Today’s Google Summer of Code (GSoC) wrap up comes from Daniel Shiffman at the Processing Foundation, the organization responsible for the Processing programming language used in many visual arts applications.
Processing is a programming language and development environment specifically tailored to the needs of visual thinkers and artists. Tens of thousands of people use Processing (often called “p5” for short) for design, performance, animation, cinema, and more. It’s also used in several computer science curriculums for its appeal to visually-oriented learners.
We participated in Google Summer of Code (GSoC) for the fourth time in 2014. The students working with us completed eleven projects, many of which are in active use by the Processing community while others will be part of the upcoming Processing 3.0 release. We’ll highlight just a few of these projects below, but we’re grateful to all the students who took part in GSoC with us.
PDE X is a Processing mode that introduces advanced IDE features like code completion, refactoring, live error checking, debugger and more. Manindra helped bring PDE X to a stable state, allowing it to become the default editor in Processing 3.0. Over 30 bugs were fixed as part of this effort. Manindra also added a few new features, including precise error highlighting using the Wagner-Fischer algorithm, manual control over code completion using Ctrl+Space, and a tab outline popup window.

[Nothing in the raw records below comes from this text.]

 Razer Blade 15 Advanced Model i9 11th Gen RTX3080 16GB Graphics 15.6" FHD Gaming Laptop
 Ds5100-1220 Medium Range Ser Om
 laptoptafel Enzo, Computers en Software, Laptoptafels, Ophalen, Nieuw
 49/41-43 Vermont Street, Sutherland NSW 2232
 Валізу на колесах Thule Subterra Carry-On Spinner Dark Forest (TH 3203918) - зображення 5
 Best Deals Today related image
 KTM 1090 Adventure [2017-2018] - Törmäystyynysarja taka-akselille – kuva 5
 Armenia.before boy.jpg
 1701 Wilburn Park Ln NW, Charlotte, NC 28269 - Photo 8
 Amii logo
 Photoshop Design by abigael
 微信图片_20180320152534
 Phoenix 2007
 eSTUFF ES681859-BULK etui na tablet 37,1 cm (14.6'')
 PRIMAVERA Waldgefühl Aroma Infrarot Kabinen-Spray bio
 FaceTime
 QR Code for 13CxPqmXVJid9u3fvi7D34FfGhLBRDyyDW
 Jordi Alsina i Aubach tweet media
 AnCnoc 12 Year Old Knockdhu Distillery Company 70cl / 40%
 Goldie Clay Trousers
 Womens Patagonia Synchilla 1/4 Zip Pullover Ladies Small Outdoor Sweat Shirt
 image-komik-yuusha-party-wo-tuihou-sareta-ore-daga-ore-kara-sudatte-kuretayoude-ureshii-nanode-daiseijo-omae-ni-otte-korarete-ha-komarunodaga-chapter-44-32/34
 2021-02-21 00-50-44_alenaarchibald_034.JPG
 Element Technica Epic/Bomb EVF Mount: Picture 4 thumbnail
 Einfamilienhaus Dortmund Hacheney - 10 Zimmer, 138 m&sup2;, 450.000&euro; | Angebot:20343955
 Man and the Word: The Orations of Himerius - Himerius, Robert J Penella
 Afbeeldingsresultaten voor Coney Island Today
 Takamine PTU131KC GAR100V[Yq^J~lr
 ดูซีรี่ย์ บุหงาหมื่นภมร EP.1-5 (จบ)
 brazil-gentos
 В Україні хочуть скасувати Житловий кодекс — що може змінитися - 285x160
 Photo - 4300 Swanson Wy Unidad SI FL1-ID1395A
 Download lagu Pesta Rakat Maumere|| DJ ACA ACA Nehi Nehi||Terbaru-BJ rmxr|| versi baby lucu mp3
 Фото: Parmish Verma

Jason created the p5.sound addon for the p5.js library to bring the Processing approach to Web Audio. Its functionality includes audio input, playback, manipulation, effects, recording, analysis, and synthesis. Jason also wrote methods for file input / output and ported Processing's Table / TableRow classes to p5.js.
The Contributions Manager lets users easily install, remove, and update community-developed extensions from within the PDE (Processing Development Environment). Joel’s work this summer introduced new features to the Contributions Manager, such as the addition, removal and update of Tools and Modes without a restart, a new "examples-package"-type contribution, and highlighting contributions.
Wilm began work on a lightweight sound library for Processing in late 2013 and improved on it during GSoC 2014 by adding new features, fixing bugs, and introducing cross-platform support. Sound is built on top of methcla, a C++ sound engine with native bindings for low latency support. Sound provides a collection of sound-synthesis objects, analyzers and effects.